Inverted normal and shear fracture weaknesses in frequency domain, where (a) is the normal fracture weakness, and (b) is the shear fracture weakness, respectively.

Figure 10
figure 10

Inverted normal and shear fracture weaknesses in joint time–frequency domain, where (a) is the normal fracture weakness, and (b) is the shear fracture weakness, respectively.

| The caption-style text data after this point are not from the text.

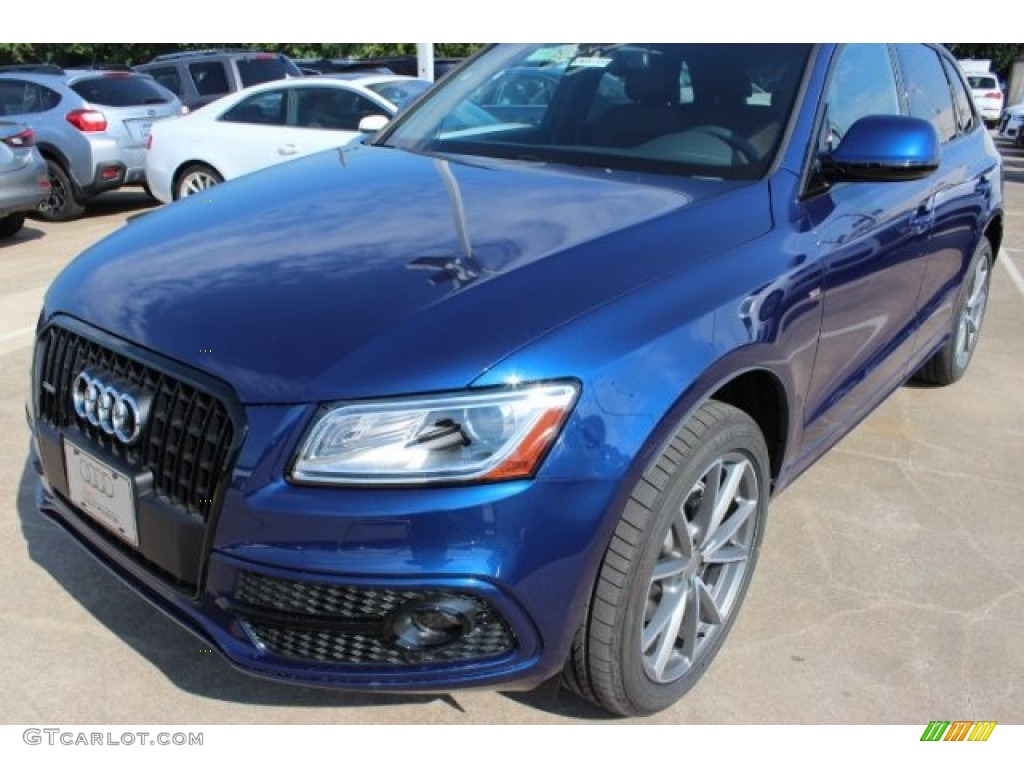 Scuba Blue Metallic 2016 Audi Q5 3.0 TFSI Premium Plus quattro Exterior Photo #107436466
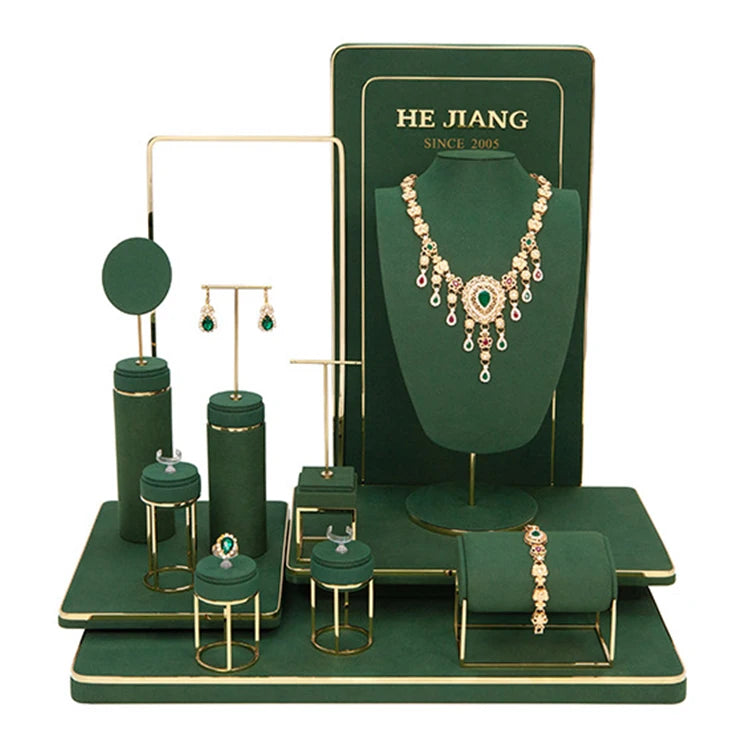 Luxury Custom Jewelry Window Display Stand Jewelry Necklace Ring Earrings Jewelry Display Stand Advanced Sense Display Props MegaBDM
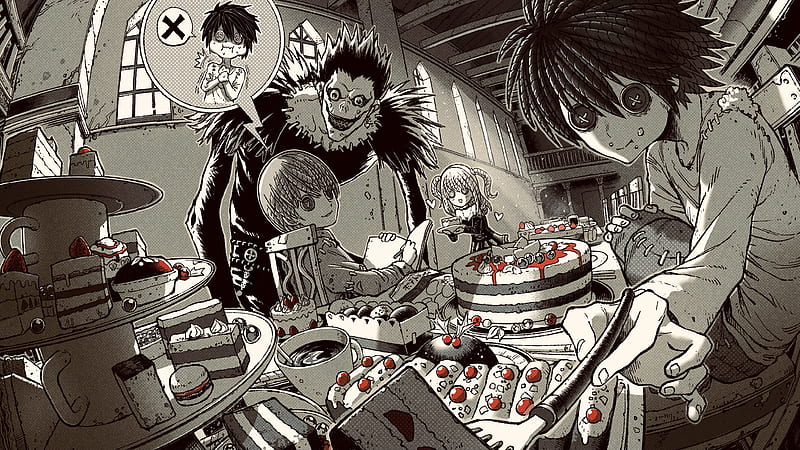 Wallpaper : Death Note, Ryuk, darkness, screenshot, computer wallpaper,  fictional character, special effects, god of death 1680x1050 - wallhaven -  572897 - HD Wallpapers - WallHere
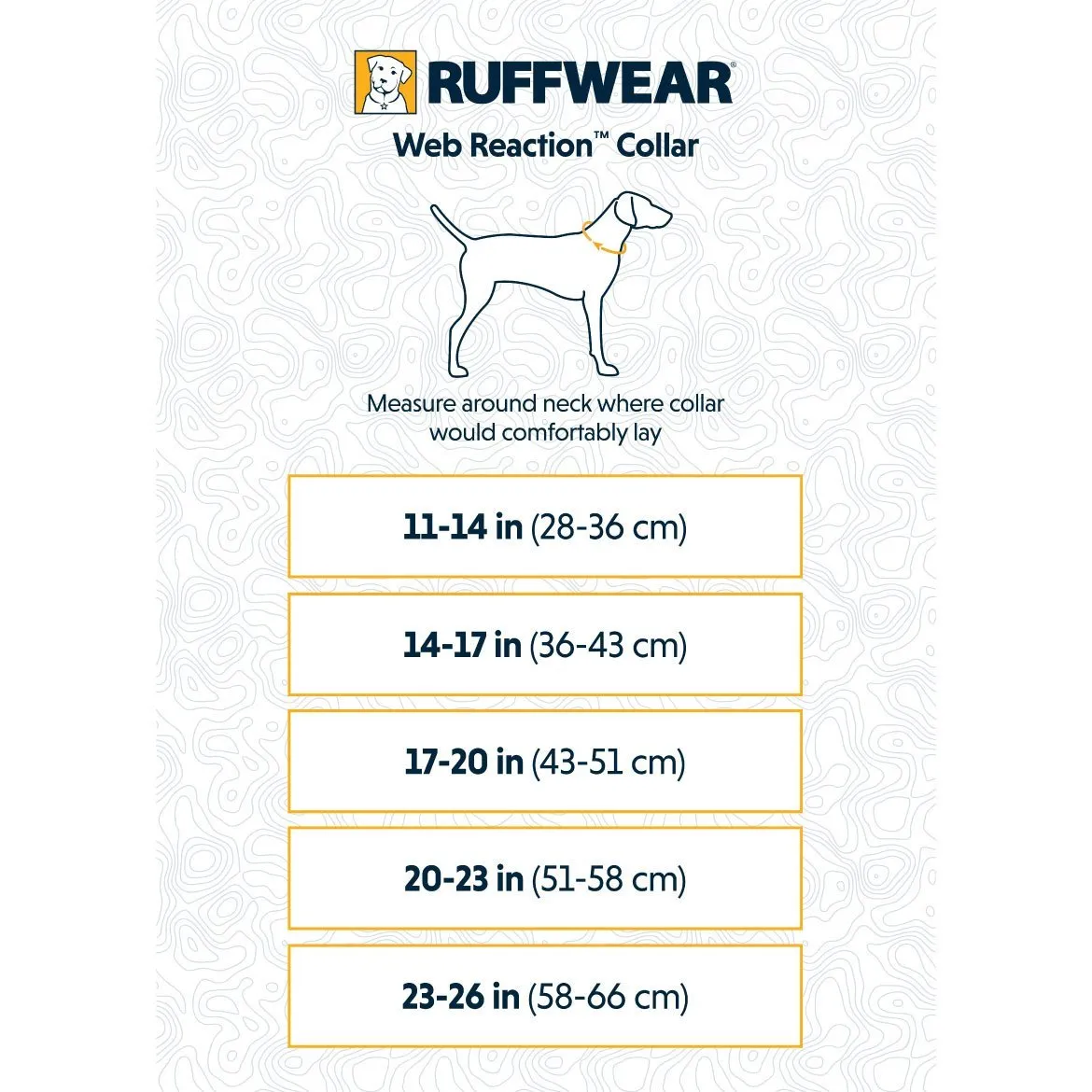 Ruffwear Web Reaction™ Reflective Buckled Martingale Dog Collar (Sunset)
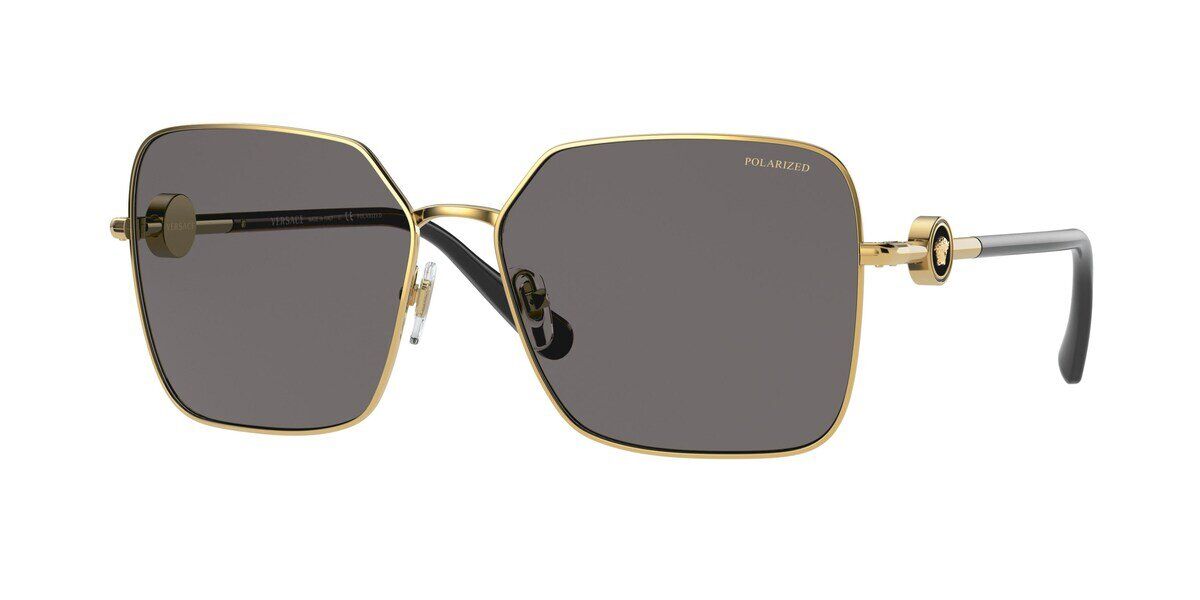 Image of Versace VE2227 Polarized 100281 59 Lunettes De Soleil Femme Dorées FR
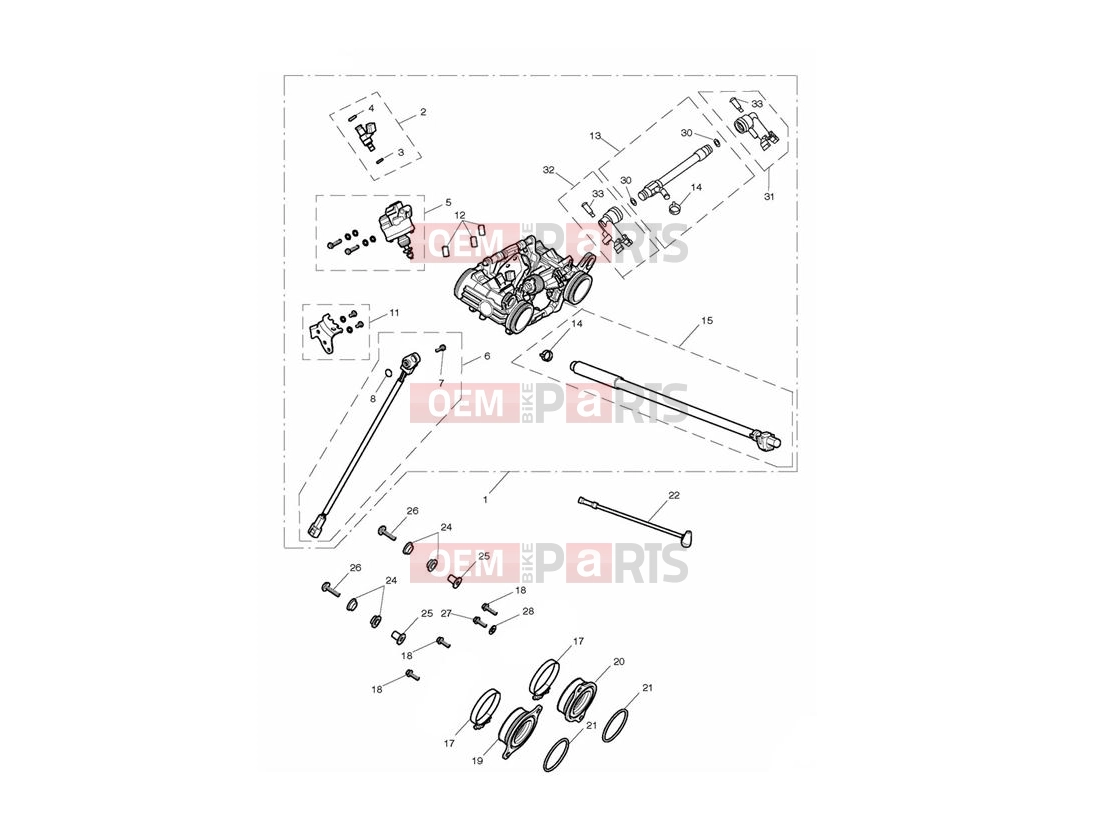 Triumph 2015 THUNDERBIRD COMMANDER Throttle Bodies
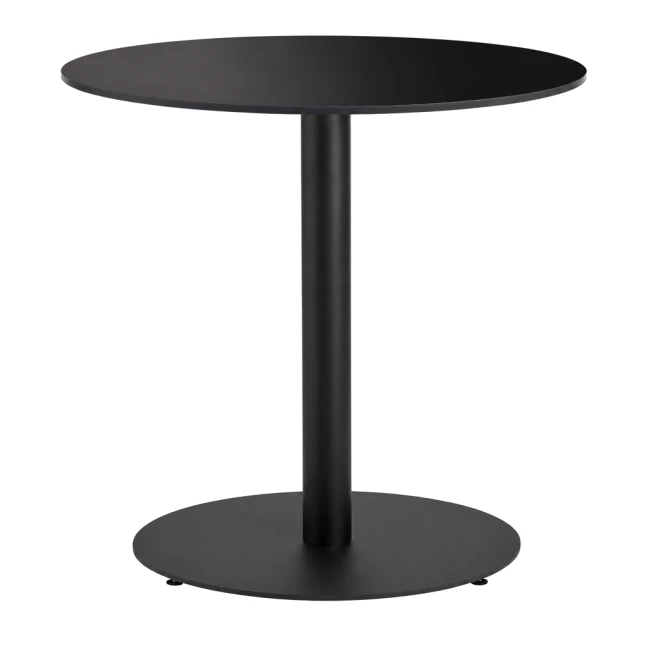 Extrema Complete Dining Table - Black with Boston Black Base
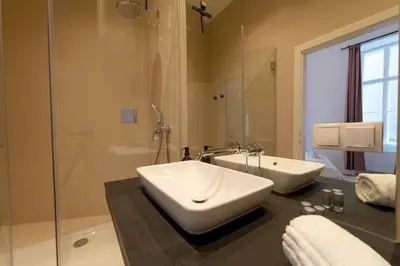 Ein Badezimmer in der Unterkunft josef's home I Deluxe Apartment in Ideal Location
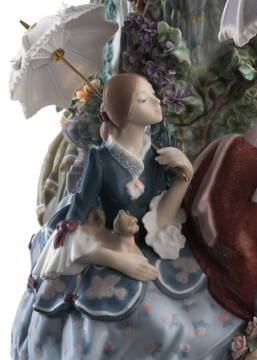 LADIES FROM ARANJUEZ - Porcelain decorative object by Lladró - view 3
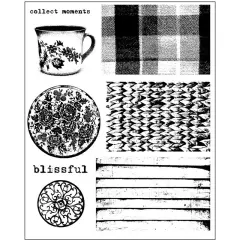 Prima Marketing Inc 6x7.5 Cling Stamp-Tea On The D 655350962043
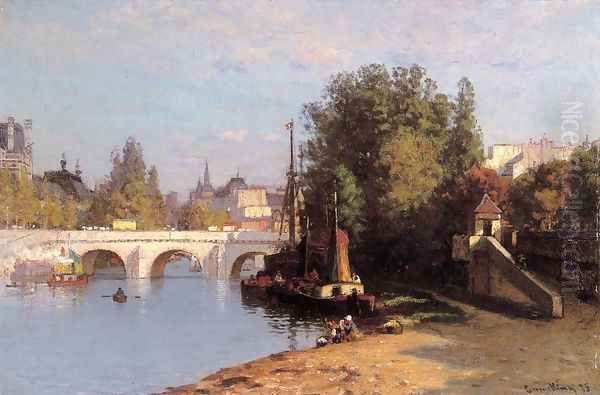 Pont des Arts Oil Painting by John Joseph Enneking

High-value fracture weaknesses illustrate the developed fractures in reservoirs. From the above inversion results of fracture weaknesses in different domains, we find that the inversion results in frequency domain or in joint-time–frequency domain show higher resolution compared with the inverted results in time domain, but the time-domain inversion results exhibit better lateral continuities. However, the joint-time–frequency-domain inversion results may provide more geologically reasonable interpretations for the fractured reservoirs in this area due to the discontinuous reservoirs of fracture development. Figure 11 is the comparison between inversion results in different domain at the well location, and we also find that the time–frequency-domain inversion method can achieve a balance between the anti-noise ability and seismic resolution. Figure 12 illustrates the comparison of histograms between original and inverted normal and shear weaknesses in time, frequency, and joint time–frequency domains, and we find that the a posteriori PDF of inverted fracture weaknesses in all three domains nearly agrees the Gaussian distribution with the a priori PDF as we have assumed.

Figure 11
figure 11

Comparison between inversion results of normal and shear fracture weaknesses in different domain at the well location.

Figure 12
figure 12

Comparison of histograms between original and inverted normal and shear weaknesses in time, frequency, and joint time–frequency domains, where (a) shows the results of normal weakness, and (b) shows the results of shear weakness.

Conclusions

Motivated by fracture detection in fractured reservoirs based on azimuth-dependent seismic inversion, we establish an inversion method by integrating Bayesian inference and regularization constraints in joint time–frequency domain to estimate the normal and shear fracture weaknesses. Combining the azimuth-dependent seismic amplitude difference information, we express the a posteriori probability distribution as a product of the a priori probability distribution and the likelihood function, and get the objective function by maximizing the a posteriori probability distribution. We finally estimate the characteristic parameters of fracture properties iteratively via a reweighted least-squares algorithm. Compared with the time- and frequency-domain inversion results, the joint time–frequency-domain inversion method gets more accurate and high-resolution results. It shows that the joint time–frequency-domain inversion method achieve a balance between the anti-noise ability and resolution effect compared with the time-domain and frequency-domain inversion. The cross-correlation coefficients between true model and inverted results in time, frequency, and joint time–frequency domains further validates the conclusion quantificationally. The test on a field data demonstrates that the proposed approach can obtain more accurate and robust inversion results than that in a separate time or frequency domain, in which the high-value fracture weaknesses are used to characterize the development areas of fractures. Therefore, the proposed inversion approach may provide a new way to perform the fracture detection by combining the different domain information for the seismic data.